It has become known as the first genocide of the 20th century: tens of thousands of men, women and children shot, starved, and tortured to death by German troops as they put down rebellious tribes in what is now Namibia. For more than a century the atrocities have been largely forgotten in Europe, and often in much of Africa too.
Now a series of events – and a policy U-turn by Berlin – is raising the international profile of the massacre of Herero and Namaqua peoples and bringing justice for their descendants a little closer. Negotiations between the German and Namibian governments over possible reparation payments are expected to be completed and result in an official apology before next June.
In Berlin a major new exhibition about the country’s bloody colonial history opened earlier this winter. It features letters from missionaries expressing their concerns about concentration camps and killings in Germany’s south-west African colony.
In the US activists have hired lawyers to pressure the United Nations. Elsewhere there are plays exploring the tragic story and displays of photography at high-profile contemporary art fairs.

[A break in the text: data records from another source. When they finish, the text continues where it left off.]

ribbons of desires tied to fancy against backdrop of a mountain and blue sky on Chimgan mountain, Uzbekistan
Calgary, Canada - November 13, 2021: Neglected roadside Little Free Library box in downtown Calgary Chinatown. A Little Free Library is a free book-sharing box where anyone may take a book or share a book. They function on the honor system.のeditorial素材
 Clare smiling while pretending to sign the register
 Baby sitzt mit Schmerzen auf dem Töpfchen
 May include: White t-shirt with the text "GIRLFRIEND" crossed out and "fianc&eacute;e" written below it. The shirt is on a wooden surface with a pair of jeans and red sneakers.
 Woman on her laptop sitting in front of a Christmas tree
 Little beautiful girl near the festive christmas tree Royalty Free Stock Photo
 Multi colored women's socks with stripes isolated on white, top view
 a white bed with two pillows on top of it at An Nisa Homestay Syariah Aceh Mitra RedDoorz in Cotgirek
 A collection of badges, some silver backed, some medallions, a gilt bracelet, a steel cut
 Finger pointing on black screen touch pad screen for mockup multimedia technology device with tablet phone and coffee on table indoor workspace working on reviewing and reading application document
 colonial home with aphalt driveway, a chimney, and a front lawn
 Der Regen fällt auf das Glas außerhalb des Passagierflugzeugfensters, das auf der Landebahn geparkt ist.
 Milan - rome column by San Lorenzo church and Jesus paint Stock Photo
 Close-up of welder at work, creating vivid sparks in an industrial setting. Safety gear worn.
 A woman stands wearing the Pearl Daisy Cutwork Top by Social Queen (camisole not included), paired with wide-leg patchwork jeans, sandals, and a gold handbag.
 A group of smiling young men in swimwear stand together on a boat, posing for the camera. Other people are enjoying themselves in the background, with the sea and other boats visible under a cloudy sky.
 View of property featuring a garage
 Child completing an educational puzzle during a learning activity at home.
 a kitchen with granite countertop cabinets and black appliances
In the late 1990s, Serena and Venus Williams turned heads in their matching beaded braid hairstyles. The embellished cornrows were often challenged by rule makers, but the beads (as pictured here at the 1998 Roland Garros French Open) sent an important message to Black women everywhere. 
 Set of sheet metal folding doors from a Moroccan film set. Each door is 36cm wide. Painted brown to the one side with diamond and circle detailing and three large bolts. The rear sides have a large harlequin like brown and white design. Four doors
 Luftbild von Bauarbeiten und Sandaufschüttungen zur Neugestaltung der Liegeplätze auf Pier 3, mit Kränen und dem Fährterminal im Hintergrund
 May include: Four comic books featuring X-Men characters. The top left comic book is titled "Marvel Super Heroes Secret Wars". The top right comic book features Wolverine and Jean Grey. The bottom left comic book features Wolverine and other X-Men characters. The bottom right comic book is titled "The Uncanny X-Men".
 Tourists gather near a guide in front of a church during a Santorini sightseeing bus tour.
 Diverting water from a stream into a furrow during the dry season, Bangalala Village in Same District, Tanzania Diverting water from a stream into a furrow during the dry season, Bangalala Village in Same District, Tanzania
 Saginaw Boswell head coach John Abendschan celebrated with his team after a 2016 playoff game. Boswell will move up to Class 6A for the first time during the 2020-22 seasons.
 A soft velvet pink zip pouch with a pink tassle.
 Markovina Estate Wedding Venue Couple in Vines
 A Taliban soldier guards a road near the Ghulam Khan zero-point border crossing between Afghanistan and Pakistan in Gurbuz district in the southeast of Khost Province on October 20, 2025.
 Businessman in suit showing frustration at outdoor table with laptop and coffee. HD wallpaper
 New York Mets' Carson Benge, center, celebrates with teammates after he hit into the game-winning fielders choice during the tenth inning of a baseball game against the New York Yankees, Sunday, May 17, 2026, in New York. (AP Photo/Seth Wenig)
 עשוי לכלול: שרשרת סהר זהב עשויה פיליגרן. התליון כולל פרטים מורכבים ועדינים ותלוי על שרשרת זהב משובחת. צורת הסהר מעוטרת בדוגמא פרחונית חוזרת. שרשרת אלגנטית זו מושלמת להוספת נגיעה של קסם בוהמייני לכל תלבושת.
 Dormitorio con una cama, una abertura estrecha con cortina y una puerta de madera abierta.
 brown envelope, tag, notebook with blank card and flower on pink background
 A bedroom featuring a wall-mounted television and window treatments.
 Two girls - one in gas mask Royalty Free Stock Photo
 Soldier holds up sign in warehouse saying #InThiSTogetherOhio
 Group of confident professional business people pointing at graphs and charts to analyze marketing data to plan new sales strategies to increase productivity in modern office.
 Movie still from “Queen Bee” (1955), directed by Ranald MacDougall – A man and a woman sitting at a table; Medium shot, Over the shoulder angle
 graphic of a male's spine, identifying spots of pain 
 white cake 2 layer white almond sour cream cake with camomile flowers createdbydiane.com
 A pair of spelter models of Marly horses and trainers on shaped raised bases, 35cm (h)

In 1884, as European powers scrambled to carve up Africa, Berlin moved to annex a new colony on the south-west coast of the continent. Land was confiscated, livestock plundered and native people subjected to racially motivated violence, rape and murder. In January 1904, the Herero people – also called the Ovaherero – rebelled. More than a hundred German civilians were killed. The smaller Nama tribe joined the uprising the following year.
Colonial rulers responded without mercy. Tens of thousands of Herero were forced into the Kalahari desert, their wells poisoned and food supplies cut. Gen Lothar von Trotha, sent to quell the revolt, ordered his men to shoot “any Herero, with or without a rifle, with or without cattle”.
“I do not accept women or children either: drive them back to their people or shoot them,” he told his troops. The order was rescinded but other measures were employed that were equally lethal.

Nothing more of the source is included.